======== Material for the task
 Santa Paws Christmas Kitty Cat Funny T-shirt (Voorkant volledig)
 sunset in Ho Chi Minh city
================
======== Material for the task
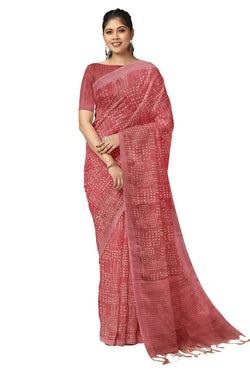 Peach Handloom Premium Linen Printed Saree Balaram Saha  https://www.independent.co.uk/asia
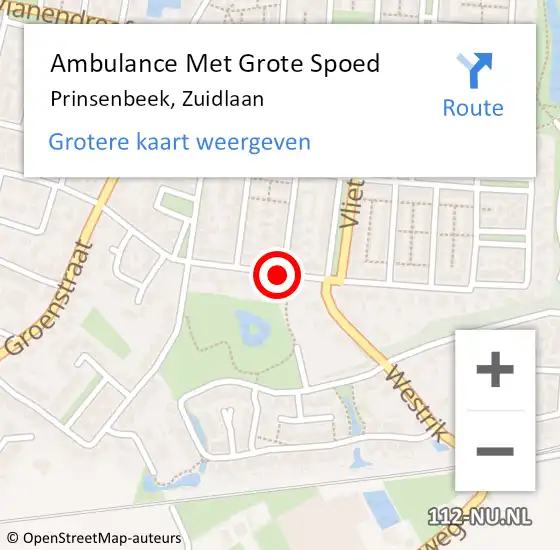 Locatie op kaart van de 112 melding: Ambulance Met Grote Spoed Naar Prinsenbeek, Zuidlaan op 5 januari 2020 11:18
================
======== Material for the task
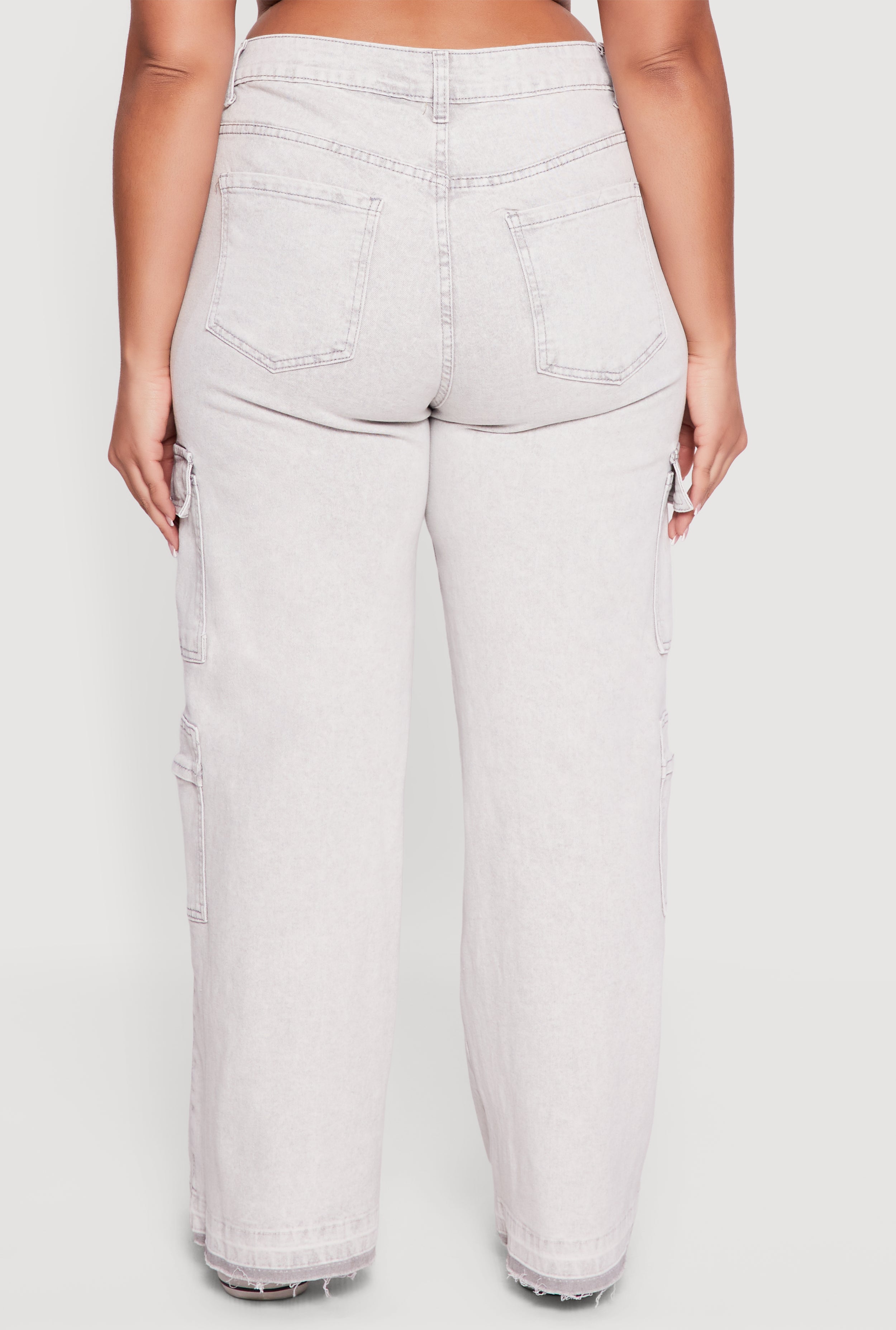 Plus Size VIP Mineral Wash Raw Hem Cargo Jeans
================
Task to carry out.
Take the records above and return, word for word, only the lines that fall from the line with "Santa Paws Christmas" to the line with "sunset in Ho Chi Minh city", both of them included.

Your solution.
 Santa Paws Christmas Kitty Cat Funny T-shirt (Voorkant volledig)
 sunset in Ho Chi Minh city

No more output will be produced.